New Delhi, July 13 (Inditop.com) Stitches on his left cheek, fractures in one leg and one hand, Om Prakash Yadav seems unusually calm for a man who almost died. When a section of the Delhi Metro track collapsed, he too went down with it. “Three of my family members are no more. I am alive because of god,” he says.

“I thought I was dead. But god came to my rescue,” Yadav, who is the sole bread earner for his wife and five children, says sitting in a wheelchair at the All India Institute of Medical Sciences (AIIMS).

The 48-year-old is an employee of Gammon India, the company in charge of constructing the particular stretch of the metro track that buckled in Zamrudpur in south Delhi early Sunday, killing six people and injuring 15.
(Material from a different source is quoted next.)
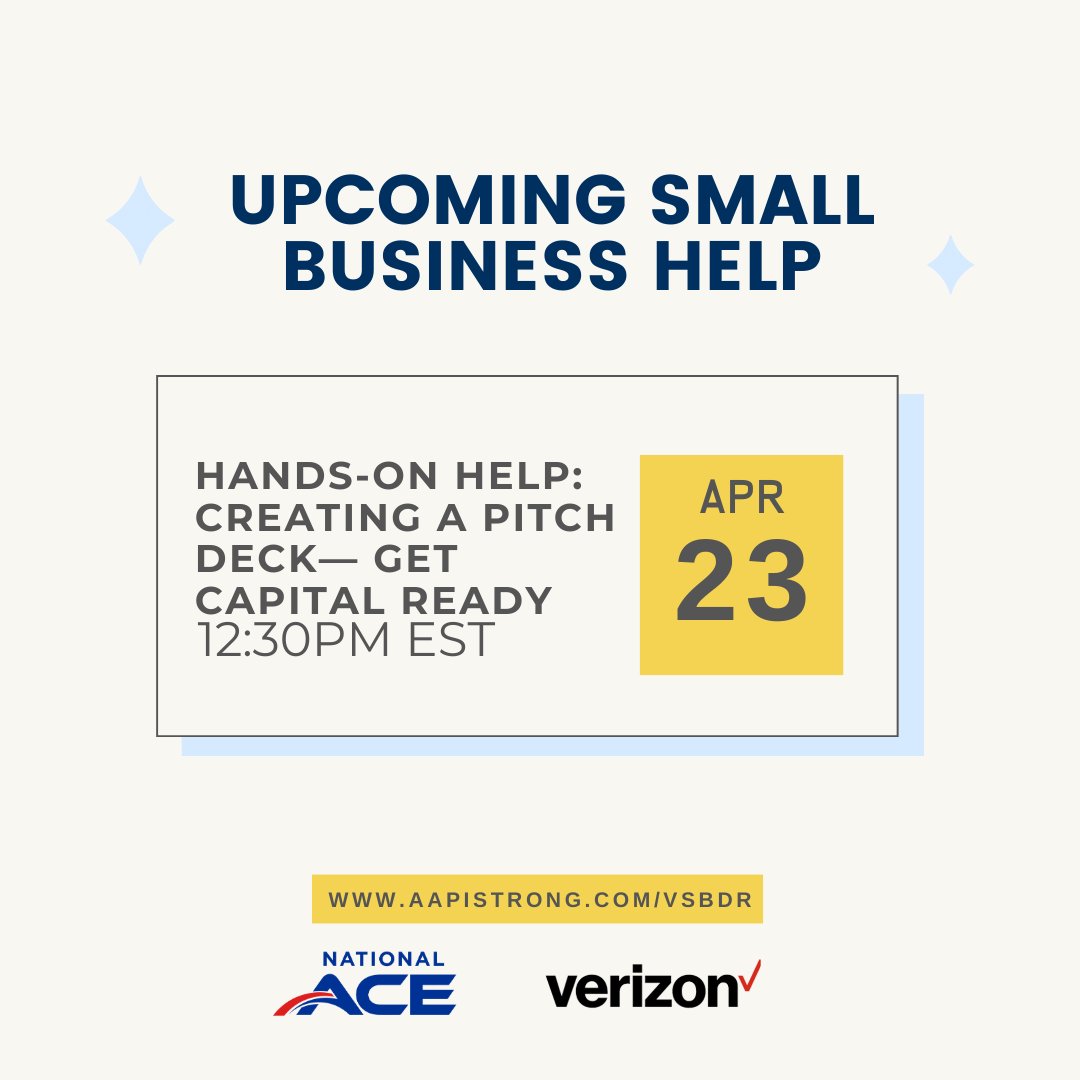 Upcoming events offered by Verizon's Small Business Digital Ready Program- Hands-on Help Session: Creating a Pitch Deck on April 23 at 12:30pm EST. Sign up and learn more about upcoming events here: aapistrong.com/vsbdr #verizon #vsbdr #smallbiz #smallbizowner #smallbusiness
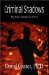 Criminal Shadows : The Inner Narratives of Evil cover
Yadav, who is from Bhagalpur in Bihar, sustained major fractures but lived to tell the tale.

“Three of my family members – brother Niranjan and nephews Pappu and Amit – died in front of me. It’s very difficult to see your family getting killed,” he told IANS, his eyes brimming with tears.

“I was working on the top of the underconstruction bridge, when we heard a cracking sound and within minutes, I was crashing down along with the concrete slabs. Niranjan died on the spot.”

“There was no chance of escaping death. I thought I will die too, but it was god,” he says, his face looking completely blank and red scars showing on his pale cheeks.

He does not want to blame anyone. “Yes, we know there was a crack on pillar 67 but whom to blame. We are all working for money.”

“When we sit in the train from Bihar (in search of job), it’s not life which is most important. It’s the stomach,” he said, reflecting the plight of tens of thousands of labourers who come to the national capital in search of livelihoods.

Sunday’s accident was the worst in the history of the Delhi Metro. The prefabricated concrete slabs that collapsed were part of an elevated section of a new Metro route between the Central Secretariat and Badarpur. The accident took place early in the morning at Zamrudpur near the plush Kailash Colony in south Delhi.

Yadav said his wife and children are yet to come here. “They are crying but what can I do? I send them money every month. But now I don’t know when I will get ready to work again.”

Ask him whether he would like to go back to work after such a close shave, he says: “As I have already told you, it’s not about life but about livelilood,” he said.

While many of the victims of Sunday’s accident are recuperating in hospital, five more people were injured Monday morning when three huge cranes and a launching girder toppled over at the same accident site.

The latest tragedy occurred when hundreds of Delhi Metro workers and engineers had gathered at the site of the Sunday accident to remove tonnes of debris.